Exercise:
Copy all data exactly. Skip pictures.

Stored entries
# # #

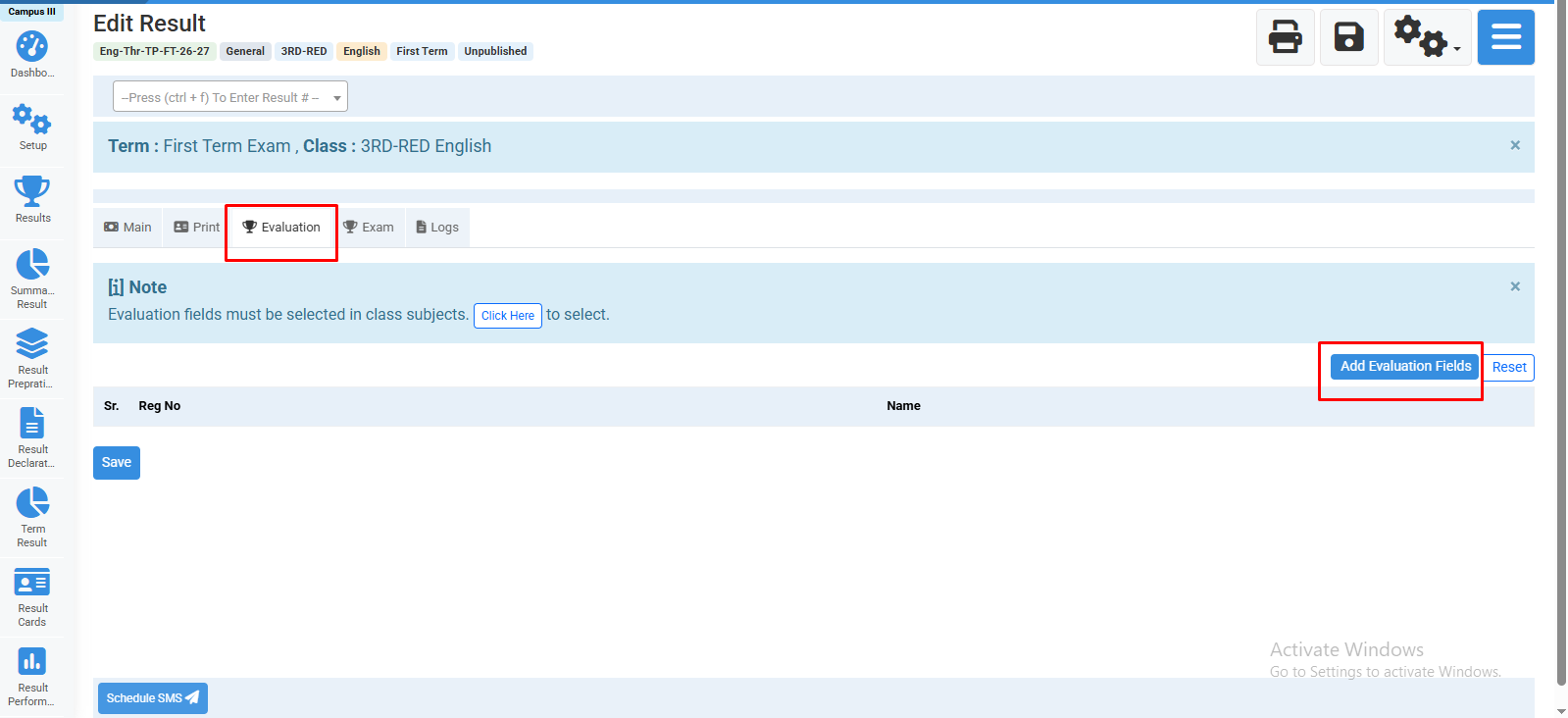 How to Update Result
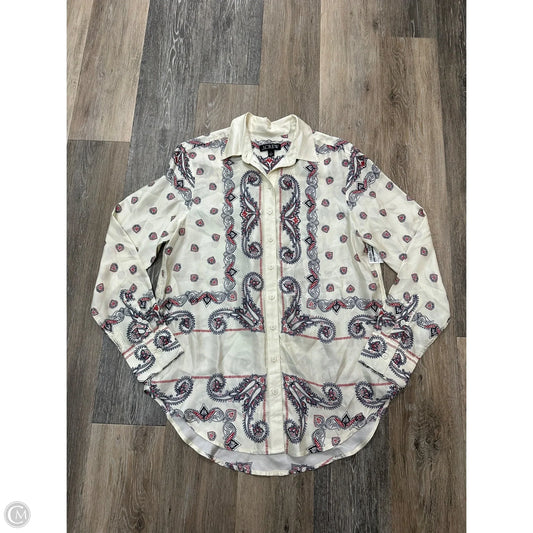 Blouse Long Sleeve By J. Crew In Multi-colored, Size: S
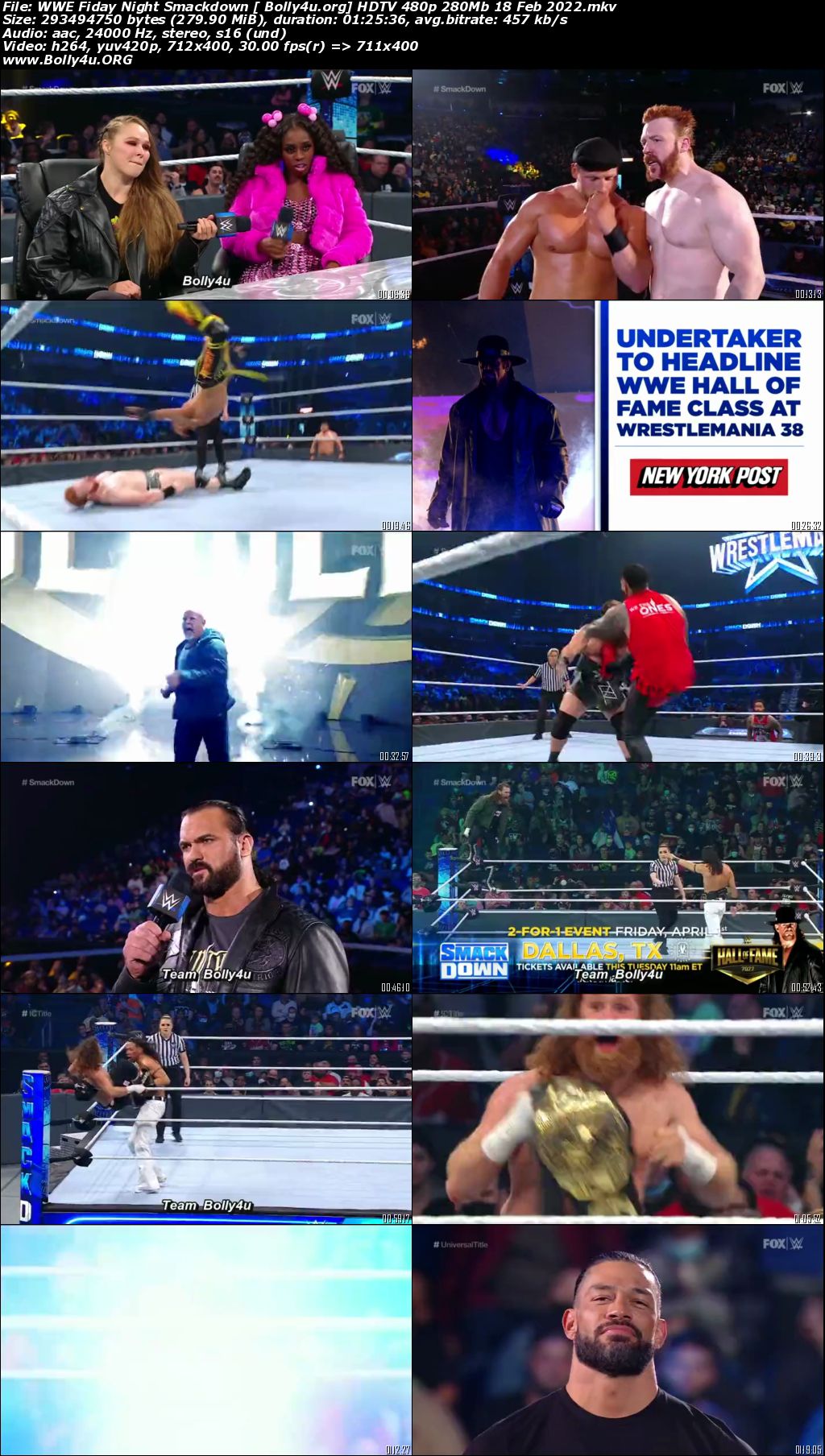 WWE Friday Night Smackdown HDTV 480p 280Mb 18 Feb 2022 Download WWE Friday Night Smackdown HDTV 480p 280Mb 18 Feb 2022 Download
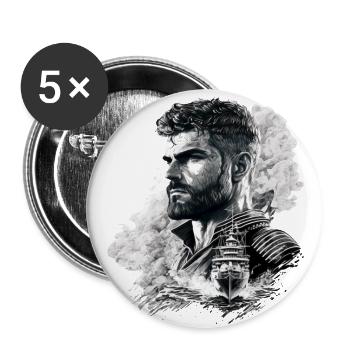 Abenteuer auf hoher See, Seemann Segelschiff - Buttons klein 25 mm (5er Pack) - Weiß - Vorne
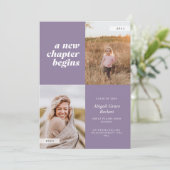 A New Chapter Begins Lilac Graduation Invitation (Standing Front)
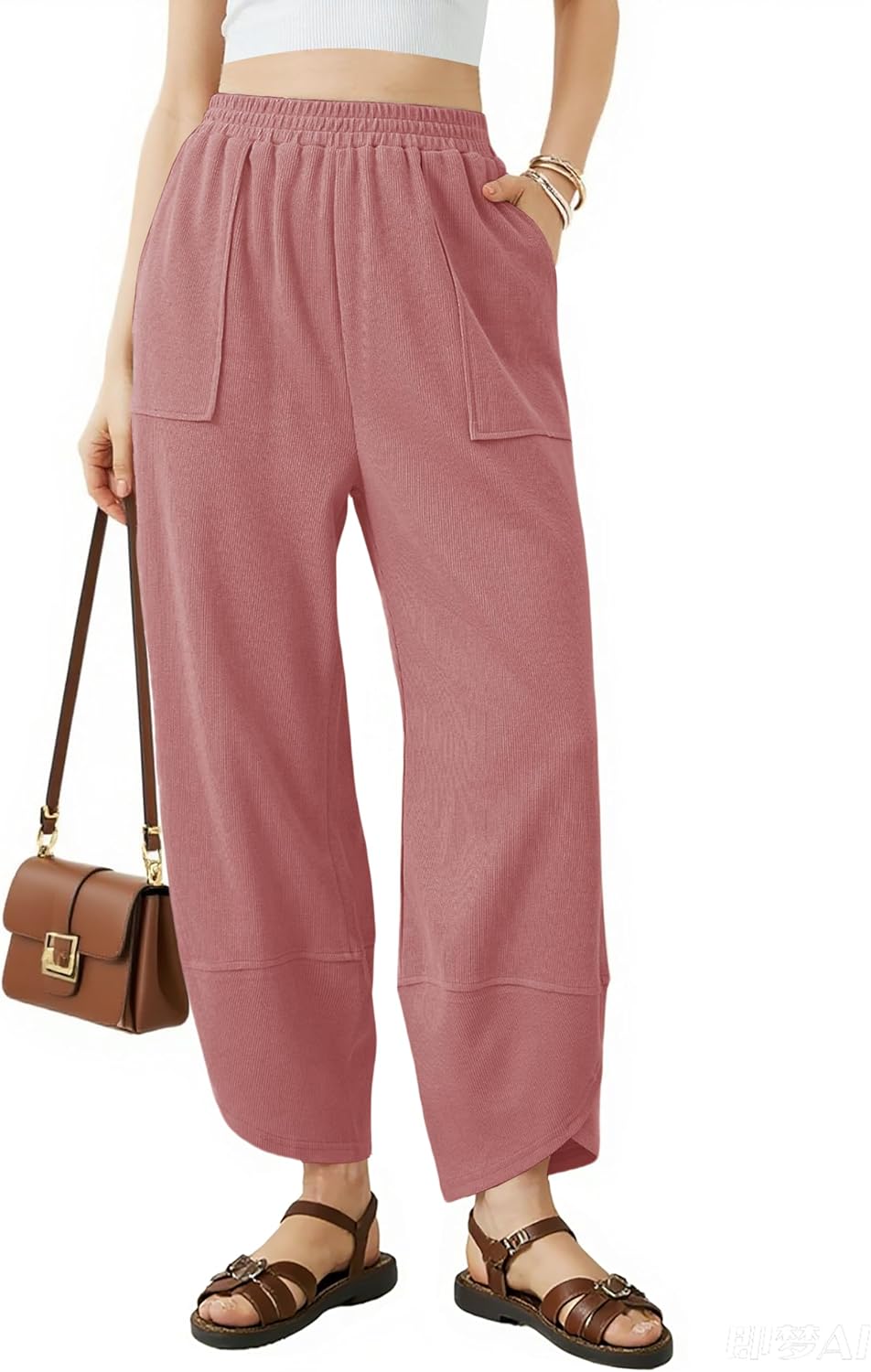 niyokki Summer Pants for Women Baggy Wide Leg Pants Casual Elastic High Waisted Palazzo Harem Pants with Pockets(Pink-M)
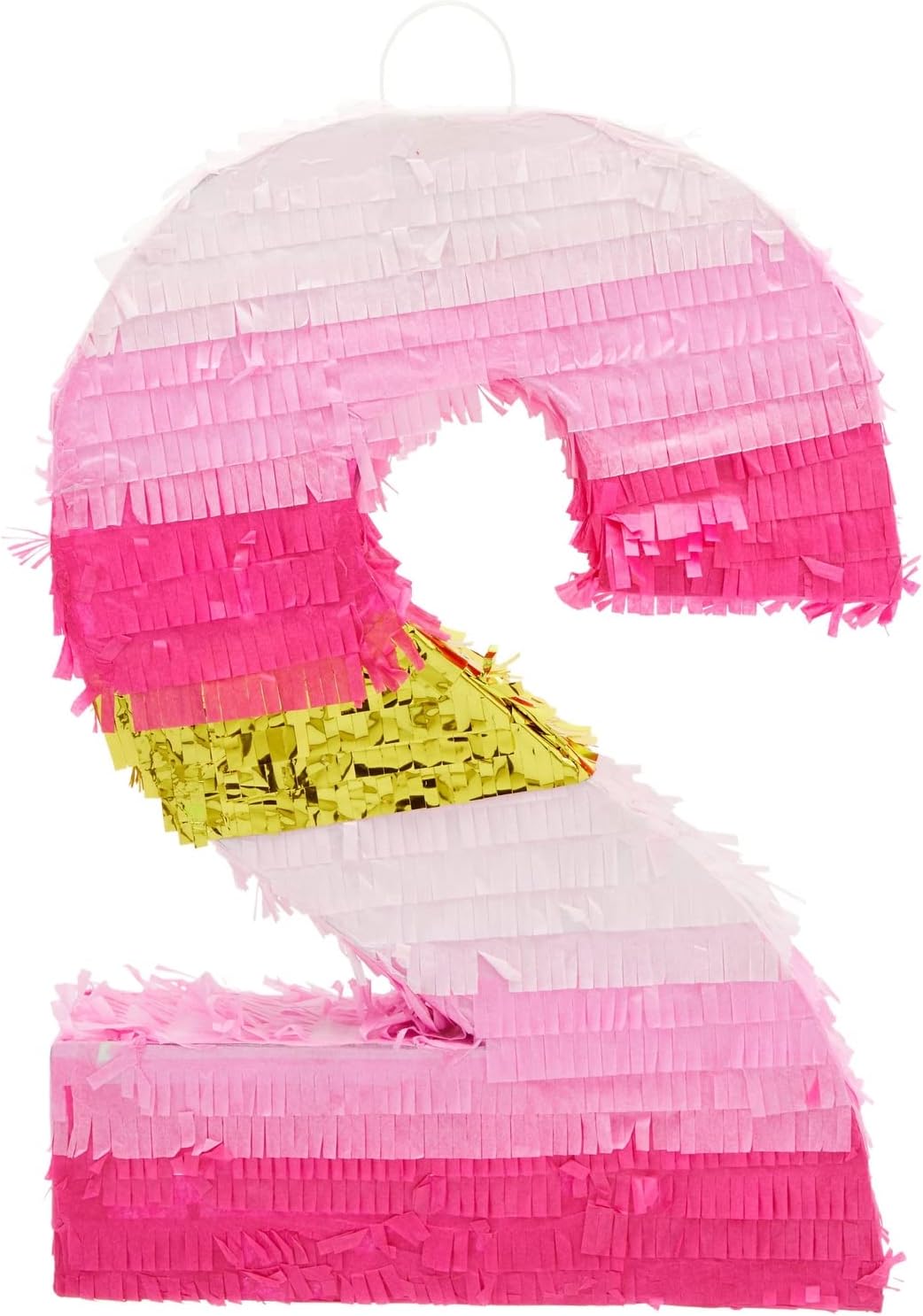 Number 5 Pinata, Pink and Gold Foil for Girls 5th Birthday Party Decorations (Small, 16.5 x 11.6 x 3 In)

# # #

Solution to this exercise:
 How to Update Result
 Blouse Long Sleeve By J. Crew In Multi-colored, Size: S
 WWE Friday Night Smackdown HDTV 480p 280Mb 18 Feb 2022 Download WWE Friday Night Smackdown HDTV 480p 280Mb 18 Feb 2022 Download
 Abenteuer auf hoher See, Seemann Segelschiff - Buttons klein 25 mm (5er Pack) - Weiß - Vorne
 A New Chapter Begins Lilac Graduation Invitation (Standing Front)
 niyokki Summer Pants for Women Baggy Wide Leg Pants Casual Elastic High Waisted Palazzo Harem Pants with Pockets(Pink-M)
 Number 5 Pinata, Pink and Gold Foil for Girls 5th Birthday Party Decorations (Small, 16.5 x 11.6 x 3 In)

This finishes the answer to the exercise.